The problem: Would you return, word for word, the lines of the data below from the line with "Незламні: у Миколаєві" through the line with "بازدید میدانی معاون پزشکیان از داروخانه ۱۳ آبان بازدید", and no others?

(Extracted records)

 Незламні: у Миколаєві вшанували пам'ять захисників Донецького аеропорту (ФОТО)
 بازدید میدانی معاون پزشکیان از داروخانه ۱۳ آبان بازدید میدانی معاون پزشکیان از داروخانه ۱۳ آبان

(End Extracted records)
(Extracted records)

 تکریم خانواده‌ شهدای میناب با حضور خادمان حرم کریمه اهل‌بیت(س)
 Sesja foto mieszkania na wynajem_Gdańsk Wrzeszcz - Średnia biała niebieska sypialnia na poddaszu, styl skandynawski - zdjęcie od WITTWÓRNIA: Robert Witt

(End Extracted records)
(Extracted records)

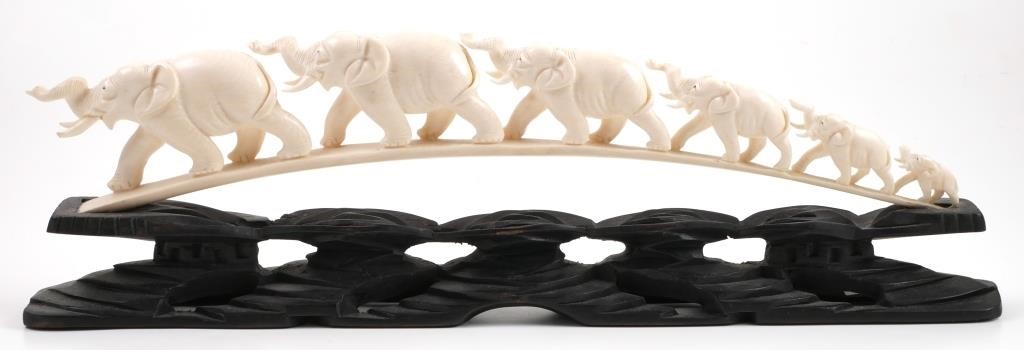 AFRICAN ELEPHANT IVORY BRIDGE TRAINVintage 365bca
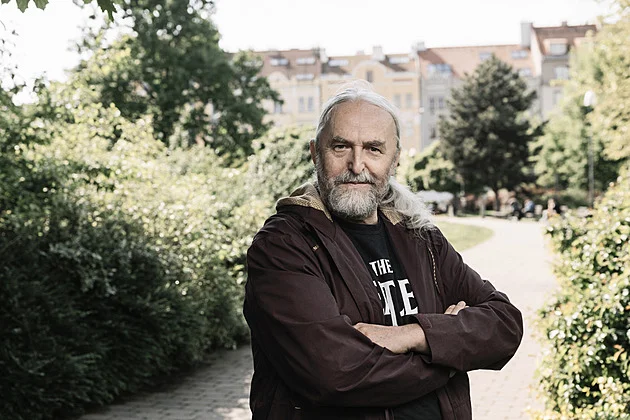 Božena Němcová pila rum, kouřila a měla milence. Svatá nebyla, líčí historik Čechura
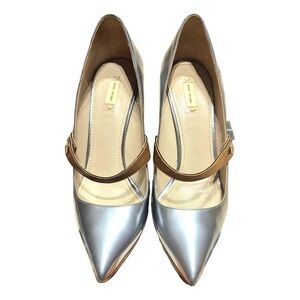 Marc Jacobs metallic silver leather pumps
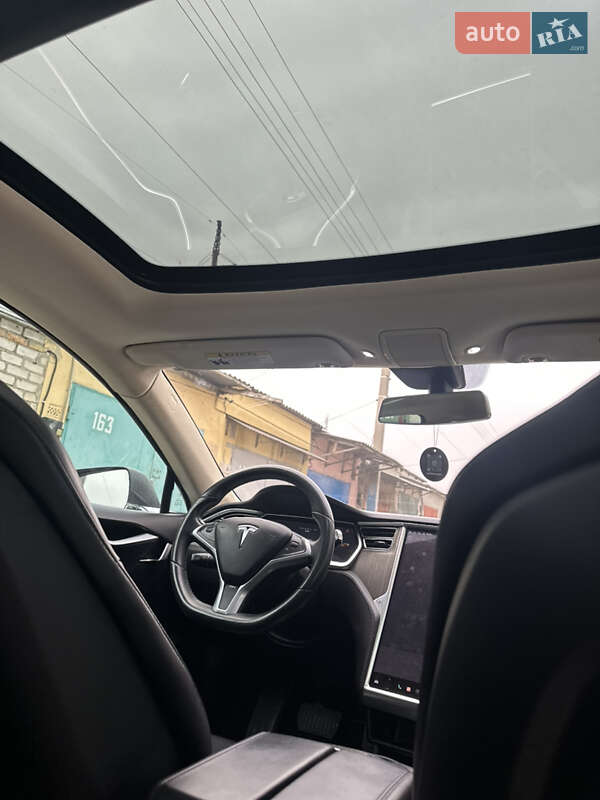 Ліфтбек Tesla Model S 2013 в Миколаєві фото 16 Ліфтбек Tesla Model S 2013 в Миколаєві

(End Extracted records)

Exercise answer:
 Незламні: у Миколаєві вшанували пам'ять захисників Донецького аеропорту (ФОТО)
 بازدید میدانی معاون پزشکیان از داروخانه ۱۳ آبان بازدید میدانی معاون پزشکیان از داروخانه ۱۳ آبان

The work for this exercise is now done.